I will demand a clear action program from Balczun: how many locomotives need to be purchased this year and how many next year...

You once said that the oligarchic lobby was obstructing the reform of the railway industry. Recently, a bill on rail transport was withdrawn from the parliament. Was this due to the lobby or the change of the Cabinet of Ministers?

No, the withdrawal of the bill had nothing to do with the lobby. This is the normal procedure – when the Cabinet of Ministers changes, all the bills initiated by it are returned automatically unless they have already passed the first reading. We will once again hold a public debate, modify it quickly, and return it to the parliament. In relation to Ukrzaliznytsia, the oligarchic lobby does not currently bother me. If Ukrzaliznytsia works like a Swiss watch, it will be much easier for them to operate and develop their businesses. It seems they are hearing me. I hope that the law will be adopted in the version that the country needs and not in the version that an individual group needs.

Can you say that consensus has now been reached with businesses?

Of course, we have not reached full consensus. Even in a family, there can be no complete consensus – my wife thinks I should be at home right now and not at work. However, I think that we will reach an understanding. At this stage, tariffs for freight transportation should be increased. We should look into the efficiency of Ukrzaliznytsia itself and subsequently formulate a tariff policy transparently based on a new independent tariff agency. We are taking this step deliberately – transferring control of tariffs from the ministry and Ukrzaliznytsia to an independent regulator. Businesses should support this and understand that all "I want" and "I do not want" will be discontinued. Tariffs will be raised if there is a legitimate need and tariffs will remain unchanged of there is no need.

Let us switch to the aviation industry. On Friday, you said that the Open Skies agreement with the EU could be signed in July. What will you do next if the signing fails to take place again? Some levers of pressure, perhaps?

What pressure? The method will be the same: I will take a tent – the parliament will be on recess precisely at that time – and go to Brussels. By the way, this is the normal practice in Brussels. The headquarters of the lobbying companies for the world's major producers are located there. I cannot aspire to have a headquarters there, so I will pitch a tent to exert pressure on Brussels to finally resolve the dispute between Spain and Britain over Gibraltar.

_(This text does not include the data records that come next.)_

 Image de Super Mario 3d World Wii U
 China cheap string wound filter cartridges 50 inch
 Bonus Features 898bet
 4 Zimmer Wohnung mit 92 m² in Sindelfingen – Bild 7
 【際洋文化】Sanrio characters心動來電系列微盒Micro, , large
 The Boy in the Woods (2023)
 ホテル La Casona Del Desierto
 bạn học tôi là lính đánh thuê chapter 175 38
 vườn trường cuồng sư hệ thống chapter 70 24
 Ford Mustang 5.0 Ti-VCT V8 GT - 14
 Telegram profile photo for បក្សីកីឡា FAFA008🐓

A program for development of airports has been adopted. When will the mechanism for its implementation be determined?

Honestly, the main issue for me is about personnel. I hope that the head of the air transport department, who will fully lead the process, will be appointed soon. There are objections to the program from various sides, so we will be holding a public discussion again. I think they will be held after the May holidays.

I will pitch a tent to exert pressure on Brussels to finally resolve the dispute between Spain and Britain over Gibraltar

When will a new competition for the post of director of the Boryspil airport be held?

This is a decision for the Ministry of Economy and the Cabinet of Ministers. The situation is frozen – there is a winner who has not been approved by the Cabinet of Ministers and there is an acting director. This has been going on for six months. We should hold a proper competition, choose the best candidate, and appoint him.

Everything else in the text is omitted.